While I can appreciate that the fad has inspired many restaurants to jump on the bandwagon and add gluten-free foods to their menus (thus making it easier for me to find Celiac-friendly options), treating “gluten-free” as a phase or craze rather than a disease is dangerous. Of course, the restaurants aren’t entirely to blame. The framing of gluten-free as a lifestyle choice and diet trend rather than recognizing it as a necessity for gluten intolerant people has incited negative backlash, resulting in a blanket critical approach to anyone who dares declare themselves gluten-free. Some critics have even gone as far as writing articles with clickbait and harmful headlines, that reinforce criticism of gluten intolerance, making it more difficult for people that are actually living with this autoimmune disease to get the help and accommodation we need.
Frustrated by indecisive diet hoppers and the extra time, attention, and money spent on accommodating gluten-free requests that may or may not be legitimate, many restaurant servers and chefs have become indifferent and even angry. Servers often visibly roll their eyes or let out an irritated sigh to indicate their annoyance at my gluten-free inquiries. And some chefs feel it’s not their responsibility to label foods that contain gluten.

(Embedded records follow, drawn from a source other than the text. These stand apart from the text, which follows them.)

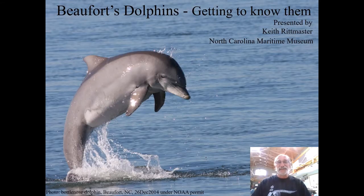Hello. Greetings from the Bonehenge Whale Center in Beaufort, North Carolina. Seems like an appropriate place to develop a presentation about our local bottlenose dolphins. I'm hoping Bonehenge will be open for public programming and tours sometime in 2020, but that's not a promise. I want to present to you about our local bottlenose dolphins that have taught us a lot in the last 30-something years.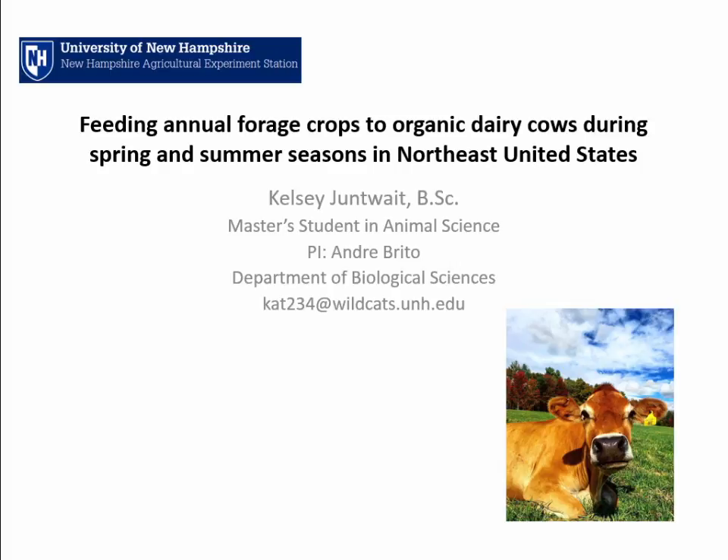As Sarah mentioned, my name is Kelsey. I am a master's student in animal science at UNH, so I'm really lucky to be out here in California — beautiful weather. We're getting some snow this weekend, so I'm trying to prolong my visit here as long as possible.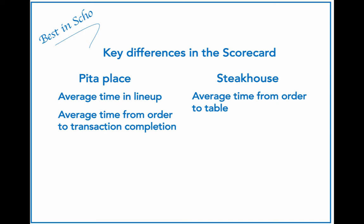What are some of the key differences we would expect to see in the scorecards for each restaurant? Let's focus first on process time. At the Pita place, the shorter the times the better, so we would expect to see measures associated with timings. A couple of measures could be average time in the lineup — the time from entering the restaurant to actually placing an order — and the average time from order to transaction completion. This shouldn't be rushed, of course, but the sooner the better.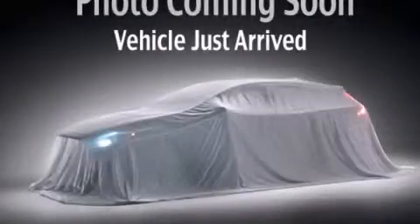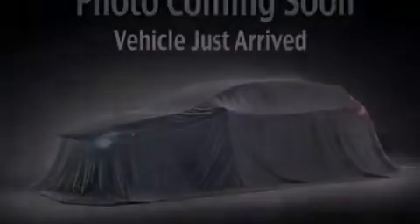Contact us today to arrange your test drive. Thank you.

But it’s not Celiac sufferers or restaurateurs that are the root of the problem.
Fairweather gluten-free fad folks are creating confusion and mistrust and costing restaurants extra work, money, and frustration.
Fairweather gluten-free fad folks are creating confusion and mistrust and costing restaurants extra work, money, and frustration. And in turn, this is causing true Celiac sufferers actual physical damage. Numbed by the unnecessary demands of fickle diners, restaurant staff may consequently dismiss legitimate gluten-free requests and fail to take proper precautions when preparing the food. I have been “glutened” (unknowingly served gluten and then suffered the painful consequences), more times than I can count. Each time my auto-immune response is triggered, more damage is done.

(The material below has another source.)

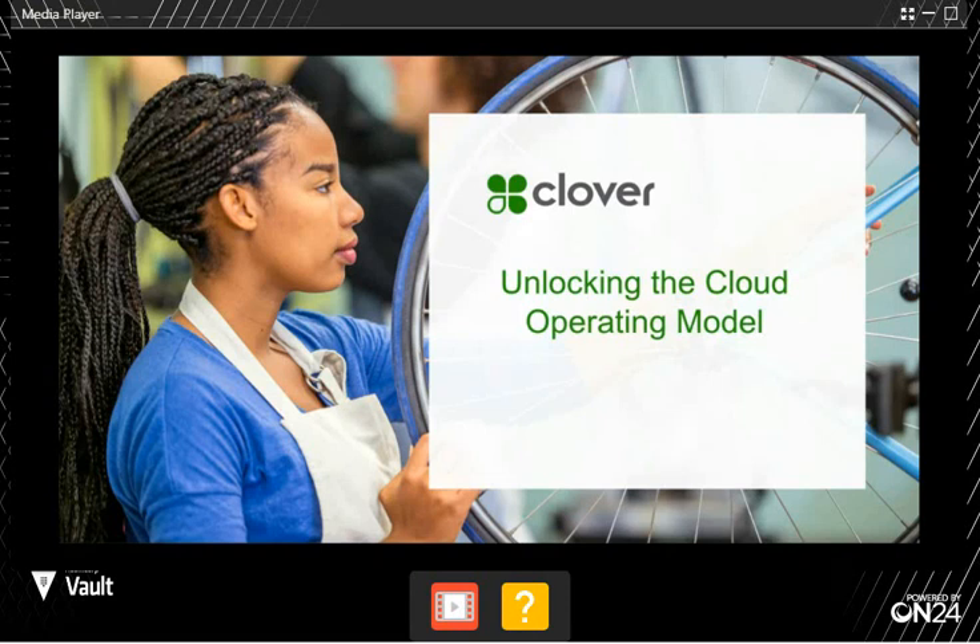With no further ado, I'll pass it over to the Clover team. Take it away, Richard.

I don’t want to “just stay home.”
The solution some people propose is that I should simply never eat out. The implication that Celiac sufferers are a burden and we should isolate ourselves is disheartening at best. And for some Celiacs, extended isolation can lead to depression.
A more sustainable and healthy solution requires all three groups (Celiac sufferers, fad dieters, and restaurateurs) to work together. Communication, honesty, and a bit of compassion are key:
- Celiac sufferers need to clearly communicate with servers about the severity of their disease and accept that some restaurants are not always able to accommodate. Not because they don’t want to, but often because it’s impossible or cost prohibitive, particularly for smaller, family-run businesses that lack the time, space, or money to do so. For example, an Italian restaurant where flour is quite literally flying through the air is perhaps not the best place to insist on a fully gluten-free meal. I tend to avoid Italian restaurants (unless they are known to have GF options) for this reason—for my own safety and out of respect for the cuisine, chef, and staff.
- Dieting diners need to be honest, too. If they have a genuine intolerance or health concern about consuming gluten, they should follow the above suggestions for Celiac sufferers. Otherwise, if they don’t require a strict gluten-free diet, they should not burden restaurants with the same extensive preparation that a completely allergy-free meal requires.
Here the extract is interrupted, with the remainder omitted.